Although frameworks such as CUDA and HIP are commonly used for programming GPUs, this tutorial does not assume familiarity with them. Examples will make use of some general-purpose features of Chapel, and this post will explain them along the way. For a more deliberate introduction to Chapel, see the Advent of Code series on this blog, or check the Learning Chapel page for more resources.

In this post, we’ll jump right in to using Chapel’s GPU programming features. If you’re interested in a refresher on what problems GPUs are useful for, check out the Appendix section containing this information.

Locales and `on` Statements: The Foundation of Chapel

When GPUs are in play, it’s possible for code to be executing in different places: it could be running either on a CPU, as most programmers are used to, or on a GPU. GPUs and CPUs differ significantly; code well-suited for one may not be well-suited for the other. Chapel gives the programmer control over where their code is running through its notion of locales.

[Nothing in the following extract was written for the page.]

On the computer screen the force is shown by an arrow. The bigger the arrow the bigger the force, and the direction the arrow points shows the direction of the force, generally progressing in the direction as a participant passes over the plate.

Quoting from the Chapel specification:

In Chapel, the locale type refers to a unit of the machine resources on which your program is running.

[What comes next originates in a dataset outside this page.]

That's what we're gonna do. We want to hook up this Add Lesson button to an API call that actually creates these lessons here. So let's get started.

In other words, a locale is a part of the computer that can run code; this might represent a GPU or a CPU. Chapel’s on statement, when given a locale, can be used to explicitly state where a particular piece of code should be executed. For example, the following code computes and prints the even numbers up to ten, running the computation on the first GPU locale.

 1
 2
 3
 4
 5
 6
 7
 8
 9
10
11
12


config const n = 5; // use 5-element arrays in examples by default, for brevity

on here.gpus[0] {
  var A: [1..n] int; // declare an array with n elements
                     // (to benefit from GPUs, you'd probably want n >> 5)
  foreach i in 1..n do
    A[i] = i * 2;

  writeln("The whole array A is: ", A); 
  for i in 1..n do
    writeln("A[", i, "] = ", A[i]);
}

The code starts with an on block targeting a GPU sub-locale. This block references here, a special variable that refers to the locale currently running the code. When GPU support is enabled, locales include a field called gpus, which is an array of sub-locales, each representing an installed GPU. On a locale with a single GPU, here.gpus will be a single-element array. On locales with more than one GPU (which is common in supercomputers[note: I mentioned supercomputers here for a reason. Chapel's GPU support has been tested on large machines, including Frontier, the only exascale supercomputer in the TOP500 list at the time of publishing. ]), here.gpus will have as many elements as there are GPUs. Thus, here.gpus[0] is the machine’s first GPU.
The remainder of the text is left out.